#### WHAT THE TASK ASKS
Give the data again exactly as written, without any of its pictures.

#### INPUT DATA
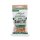 Purize Aktivkohlefilter XTRA Slim Size 50Stk. Spy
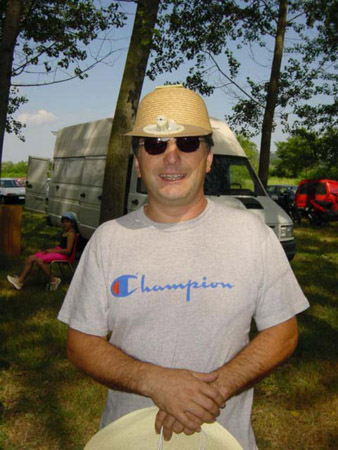 DSC00148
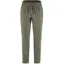 Tierra Women's Riglos Pants Olive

#### EXERCISE OUTPUT
 Purize Aktivkohlefilter XTRA Slim Size 50Stk. Spy
 DSC00148
 Tierra Women's Riglos Pants Olive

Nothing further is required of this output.